Some weights of the PyTorch model were not used when initializing the TF 2.0 model TFRobertaForSequenceClassification: ['roberta.embeddings.position_ids']
- This IS expected if you are initializing TFRobertaForSequenceClassification from a PyTorch model trained on another task or with another architecture (e.g. initializing a TFBertForSequenceClassification model from a BertForPreTraining model).
- This IS NOT expected if you are initializing TFRobertaForSequenceClassification from a PyTorch model that you expect to be exactly identical (e.g. initializing a TFBertForSequenceClassification model from a BertForSequenceClassification model).
Some weights or buffers of the TF 2.0 model TFRobertaForSequenceClassification were not initialized from the PyTorch model and are newly initialized: ['classifier.dense.weight', 'classifier.dense.bias', 'classifier.out_proj.weight', 'classifier.out_proj.bias']
You should probably TRAIN this model on a down-stream task to be able to use it for predictions and inference.
Epoch 1/5
16/16 [==============================] - 37s 1s/step - loss: 1.0225 - sparse_categorical_accuracy: 0.4857
Epoch 2/5
16/16 [==============================] - 18s 1s/step - loss: 0.6771 - sparse_categorical_accuracy: 0.7177
Epoch 3/5
16/16 [==============================] - 18s 1s/step - loss: 0.3543 - sparse_categorical_accuracy: 0.8786
Epoch 4/5
16/16 [==============================] - 18s 1s/step - loss: 0.1371 - sparse_categorical_accuracy: 0.9625
Epoch 5/5
16/16 [==============================] - 18s 1s/step - loss: 0.0445 - sparse_categorical_accuracy: 0.9921
Question
How can I evaluate the performance of the model on the test/validation data?
Elaboration
I'm guessing I have to specify that when I call .fit()
, so what I did is:
history = model.fit(train_dataset, validation_data=val_dataset, epochs=5, batch_size=64)

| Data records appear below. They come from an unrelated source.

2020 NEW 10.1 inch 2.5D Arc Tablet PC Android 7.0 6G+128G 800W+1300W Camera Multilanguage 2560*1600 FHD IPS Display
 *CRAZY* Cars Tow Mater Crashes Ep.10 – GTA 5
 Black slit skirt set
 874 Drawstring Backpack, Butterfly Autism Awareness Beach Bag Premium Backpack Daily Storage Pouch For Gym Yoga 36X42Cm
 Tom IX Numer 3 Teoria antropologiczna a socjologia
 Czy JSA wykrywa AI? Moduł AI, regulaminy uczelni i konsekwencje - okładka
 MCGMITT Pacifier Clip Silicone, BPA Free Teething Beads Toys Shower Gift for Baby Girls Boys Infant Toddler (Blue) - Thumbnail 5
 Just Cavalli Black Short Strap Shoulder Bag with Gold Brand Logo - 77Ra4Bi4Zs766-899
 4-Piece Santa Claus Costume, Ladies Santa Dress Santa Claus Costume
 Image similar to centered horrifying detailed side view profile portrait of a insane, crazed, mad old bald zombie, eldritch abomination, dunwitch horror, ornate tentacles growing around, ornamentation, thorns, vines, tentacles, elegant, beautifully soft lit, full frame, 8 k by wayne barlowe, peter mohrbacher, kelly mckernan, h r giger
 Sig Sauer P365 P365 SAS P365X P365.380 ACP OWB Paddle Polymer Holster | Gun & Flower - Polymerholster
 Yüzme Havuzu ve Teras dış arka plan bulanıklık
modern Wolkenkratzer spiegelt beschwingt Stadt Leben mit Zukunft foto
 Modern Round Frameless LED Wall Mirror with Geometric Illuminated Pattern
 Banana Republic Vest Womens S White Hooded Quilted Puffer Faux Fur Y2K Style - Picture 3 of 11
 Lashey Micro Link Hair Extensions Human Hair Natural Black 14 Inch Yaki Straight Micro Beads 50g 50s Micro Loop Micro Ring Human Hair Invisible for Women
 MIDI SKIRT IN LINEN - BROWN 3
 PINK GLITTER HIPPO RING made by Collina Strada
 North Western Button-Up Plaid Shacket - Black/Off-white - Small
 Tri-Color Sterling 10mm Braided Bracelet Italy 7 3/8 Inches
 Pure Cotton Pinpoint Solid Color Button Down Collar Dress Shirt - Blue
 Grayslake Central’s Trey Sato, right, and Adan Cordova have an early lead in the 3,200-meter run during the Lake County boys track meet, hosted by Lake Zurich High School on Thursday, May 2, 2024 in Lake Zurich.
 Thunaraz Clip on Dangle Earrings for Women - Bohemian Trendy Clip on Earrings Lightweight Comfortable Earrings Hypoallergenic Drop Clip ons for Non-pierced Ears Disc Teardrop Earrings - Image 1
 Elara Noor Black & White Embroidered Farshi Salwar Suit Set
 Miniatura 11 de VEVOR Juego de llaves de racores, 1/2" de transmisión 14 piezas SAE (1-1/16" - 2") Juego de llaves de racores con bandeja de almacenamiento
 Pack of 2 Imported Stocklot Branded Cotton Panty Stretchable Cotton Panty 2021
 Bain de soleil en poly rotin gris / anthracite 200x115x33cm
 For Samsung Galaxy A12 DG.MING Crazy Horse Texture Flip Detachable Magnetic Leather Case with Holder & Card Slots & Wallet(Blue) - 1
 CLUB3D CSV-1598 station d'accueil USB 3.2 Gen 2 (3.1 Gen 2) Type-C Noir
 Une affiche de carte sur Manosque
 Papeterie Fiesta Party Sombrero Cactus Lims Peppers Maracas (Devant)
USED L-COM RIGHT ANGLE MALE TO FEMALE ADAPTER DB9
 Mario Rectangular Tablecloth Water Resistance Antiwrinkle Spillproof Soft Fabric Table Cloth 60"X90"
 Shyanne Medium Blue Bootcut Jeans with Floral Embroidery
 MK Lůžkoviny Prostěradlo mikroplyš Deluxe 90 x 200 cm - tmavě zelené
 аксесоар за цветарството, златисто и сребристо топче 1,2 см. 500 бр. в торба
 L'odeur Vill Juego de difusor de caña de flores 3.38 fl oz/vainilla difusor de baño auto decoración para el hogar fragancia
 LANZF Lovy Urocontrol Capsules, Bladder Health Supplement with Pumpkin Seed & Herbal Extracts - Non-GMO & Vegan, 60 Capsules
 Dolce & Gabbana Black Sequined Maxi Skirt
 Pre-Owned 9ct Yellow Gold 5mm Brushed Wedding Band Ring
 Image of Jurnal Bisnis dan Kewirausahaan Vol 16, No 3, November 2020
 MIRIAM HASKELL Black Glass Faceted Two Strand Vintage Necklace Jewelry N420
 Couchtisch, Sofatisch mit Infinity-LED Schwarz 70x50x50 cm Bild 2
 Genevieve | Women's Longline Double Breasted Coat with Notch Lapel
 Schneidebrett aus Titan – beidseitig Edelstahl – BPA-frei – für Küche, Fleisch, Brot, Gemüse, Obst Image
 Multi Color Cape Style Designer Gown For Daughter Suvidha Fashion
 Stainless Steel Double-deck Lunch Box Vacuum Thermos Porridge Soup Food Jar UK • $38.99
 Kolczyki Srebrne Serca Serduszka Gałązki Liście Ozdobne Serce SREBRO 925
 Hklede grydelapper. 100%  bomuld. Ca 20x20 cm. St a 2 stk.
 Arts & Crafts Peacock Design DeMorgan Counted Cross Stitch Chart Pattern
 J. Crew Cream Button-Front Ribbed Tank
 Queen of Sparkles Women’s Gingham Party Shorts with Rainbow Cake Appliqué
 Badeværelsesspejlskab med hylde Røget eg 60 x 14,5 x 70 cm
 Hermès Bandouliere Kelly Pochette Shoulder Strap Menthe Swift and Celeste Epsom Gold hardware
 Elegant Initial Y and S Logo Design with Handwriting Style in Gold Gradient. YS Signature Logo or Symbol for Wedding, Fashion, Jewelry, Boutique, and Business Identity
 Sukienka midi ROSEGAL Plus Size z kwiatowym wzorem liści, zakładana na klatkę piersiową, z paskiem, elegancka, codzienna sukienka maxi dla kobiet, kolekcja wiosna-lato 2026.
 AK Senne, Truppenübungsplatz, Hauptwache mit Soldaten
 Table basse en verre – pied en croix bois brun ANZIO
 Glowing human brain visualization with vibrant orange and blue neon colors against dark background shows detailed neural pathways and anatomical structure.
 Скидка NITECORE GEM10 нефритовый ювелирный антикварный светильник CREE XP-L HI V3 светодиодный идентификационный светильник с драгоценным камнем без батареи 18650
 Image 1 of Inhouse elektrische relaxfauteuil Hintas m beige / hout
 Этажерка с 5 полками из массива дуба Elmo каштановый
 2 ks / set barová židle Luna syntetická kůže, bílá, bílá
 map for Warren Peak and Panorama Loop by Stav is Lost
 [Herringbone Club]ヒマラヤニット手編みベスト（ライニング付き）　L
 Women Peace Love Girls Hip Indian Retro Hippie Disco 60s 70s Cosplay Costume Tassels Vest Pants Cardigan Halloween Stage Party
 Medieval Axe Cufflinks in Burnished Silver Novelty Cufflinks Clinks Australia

But this results in an error:
ValueError: Shape mismatch: The shape of labels (received (1,)) should equal the shape of logits except for the last dimension (received (49, 3)).
I've also tried:
results = model.evaluate(test_dataset)
print('Test Loss: {}'.format(results[0]))
print('Test Accuracy: {}'.format(results[1]))
This won't work either, and I get the following error:
ValueError: Shape mismatch: The shape of labels (received (1,)) should equal the shape of logits except for the last dimension (received (53, 3)).
-- Very similar to the one above.
Unfortunately, the HuggingFace documentation doesn't mention this issue, as far as I've seen.